“I wish you would remember that other people feel the cold if you don’t. The draught along the passage makes this room almost uninhabitable.
Geoffrey closed the door gently, with a ready apology for his carelessness. Then he returned to the charge.
“You will come out though, won’t you? I am really so anxious to show you my new purchase. She is rather young to do much work this year, but by another, she will be all I could wish. I really never saw a more beautiful creature.”
“I am glad you are pleased,” said Marion, coldly, “but you must excuse my joining in the chorus of admiration which I have no doubt is going on in the stable-yard. I should I only disappoint you, for I really could not get up the proper amount of ecstasy.”
Geoffrey’s face fell.
“You used to take some interest in my horses, Marion,” he said, deprecatingly.
“Very possibly,” she replied, in a somewhat sneering tone. “Barley-sugar isn’t a bad thing in its place. But as for living on it altogether, that’s a different matter. Long ago I could afford to be amused by your stable ‘fureur,’ now and then. But it never seem to occur to you that it’s possible to have too much even of the charms of bay mares and such-like! You must excuse my bad taste.”
“I don’t understand you,” replied Geoffrey. “I cannot feel that I deserve to be taunted with having bored you with anything that interested me.”

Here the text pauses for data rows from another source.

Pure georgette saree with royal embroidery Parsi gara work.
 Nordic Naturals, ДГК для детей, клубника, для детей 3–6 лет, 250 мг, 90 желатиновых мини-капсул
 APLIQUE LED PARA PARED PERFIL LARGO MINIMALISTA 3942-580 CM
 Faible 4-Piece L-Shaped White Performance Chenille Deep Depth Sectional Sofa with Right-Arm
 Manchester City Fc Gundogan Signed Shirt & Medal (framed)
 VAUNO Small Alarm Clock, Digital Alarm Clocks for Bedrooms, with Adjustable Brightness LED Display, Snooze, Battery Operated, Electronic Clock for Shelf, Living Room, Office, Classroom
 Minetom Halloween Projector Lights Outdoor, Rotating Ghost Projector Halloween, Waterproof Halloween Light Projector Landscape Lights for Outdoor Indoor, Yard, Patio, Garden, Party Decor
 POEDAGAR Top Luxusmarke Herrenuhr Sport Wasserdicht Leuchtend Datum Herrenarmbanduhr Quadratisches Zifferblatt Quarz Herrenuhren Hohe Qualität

“I don’t suppose you do understand me,” she answered, in the same contemptuous manner. “You made one grand mistake, for which we are both suffering—that of imagining you ever could do so. Go back to your hones, with whom, I can assure you, you have more in common than you could ever have with me. Only do not, I beg of you, delude yourself with the idea that a being who has the misfortune to possess something in the way of mind and soul, is the right person to apply to for sympathy in the only interests you seem capable of.”
The extreme contempt, the insulting scorn of her words and manner stung him to the quick. With a muttered expression of some kind, of which she could not catch the words, he turned from her sharply, and for once in his life slammed the door behind him violently, as, half mad with misery, he rushed away from the sound of her cold, mocking words.